→ **Action item**: Among the entries below, find the lines holding "Black" and copy them.

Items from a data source
::::::::::
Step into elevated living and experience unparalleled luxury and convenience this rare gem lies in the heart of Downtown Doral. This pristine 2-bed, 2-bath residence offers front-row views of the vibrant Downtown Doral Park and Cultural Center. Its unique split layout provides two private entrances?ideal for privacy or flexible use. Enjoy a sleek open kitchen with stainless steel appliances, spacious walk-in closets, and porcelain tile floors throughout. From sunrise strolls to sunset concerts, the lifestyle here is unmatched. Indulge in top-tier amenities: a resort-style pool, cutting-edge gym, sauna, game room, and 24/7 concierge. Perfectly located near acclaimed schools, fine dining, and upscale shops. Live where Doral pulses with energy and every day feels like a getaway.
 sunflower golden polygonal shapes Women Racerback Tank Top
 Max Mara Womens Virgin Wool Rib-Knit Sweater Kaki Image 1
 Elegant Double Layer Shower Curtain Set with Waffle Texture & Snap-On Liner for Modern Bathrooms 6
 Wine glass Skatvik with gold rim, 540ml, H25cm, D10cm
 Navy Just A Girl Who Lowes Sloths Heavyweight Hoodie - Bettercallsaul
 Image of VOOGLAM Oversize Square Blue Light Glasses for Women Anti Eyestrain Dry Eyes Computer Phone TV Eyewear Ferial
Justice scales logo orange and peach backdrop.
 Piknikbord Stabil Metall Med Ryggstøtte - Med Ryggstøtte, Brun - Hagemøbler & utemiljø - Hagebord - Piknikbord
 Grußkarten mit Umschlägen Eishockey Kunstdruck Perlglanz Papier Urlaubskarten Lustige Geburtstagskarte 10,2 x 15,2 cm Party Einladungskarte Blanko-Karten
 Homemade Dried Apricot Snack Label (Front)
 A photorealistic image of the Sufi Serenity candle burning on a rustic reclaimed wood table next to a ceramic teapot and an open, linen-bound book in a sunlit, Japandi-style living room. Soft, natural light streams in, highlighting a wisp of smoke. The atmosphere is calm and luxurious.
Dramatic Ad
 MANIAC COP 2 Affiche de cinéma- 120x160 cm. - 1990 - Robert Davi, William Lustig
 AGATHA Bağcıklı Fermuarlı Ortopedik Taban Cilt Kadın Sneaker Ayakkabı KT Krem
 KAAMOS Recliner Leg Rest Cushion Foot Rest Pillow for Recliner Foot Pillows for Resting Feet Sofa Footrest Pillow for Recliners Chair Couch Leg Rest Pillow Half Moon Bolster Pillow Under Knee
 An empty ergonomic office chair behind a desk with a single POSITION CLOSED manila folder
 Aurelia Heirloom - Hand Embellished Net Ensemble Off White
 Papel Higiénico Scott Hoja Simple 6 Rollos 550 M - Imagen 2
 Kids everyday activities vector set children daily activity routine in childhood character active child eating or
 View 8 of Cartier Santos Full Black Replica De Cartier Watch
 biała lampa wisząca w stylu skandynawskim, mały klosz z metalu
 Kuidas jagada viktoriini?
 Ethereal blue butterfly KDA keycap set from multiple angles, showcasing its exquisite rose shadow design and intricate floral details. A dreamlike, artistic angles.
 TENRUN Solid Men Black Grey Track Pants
::::::::::
→ **Written answer**:
 View 8 of Cartier Santos Full Black Replica De Cartier Watch
 TENRUN Solid Men Black Grey Track Pants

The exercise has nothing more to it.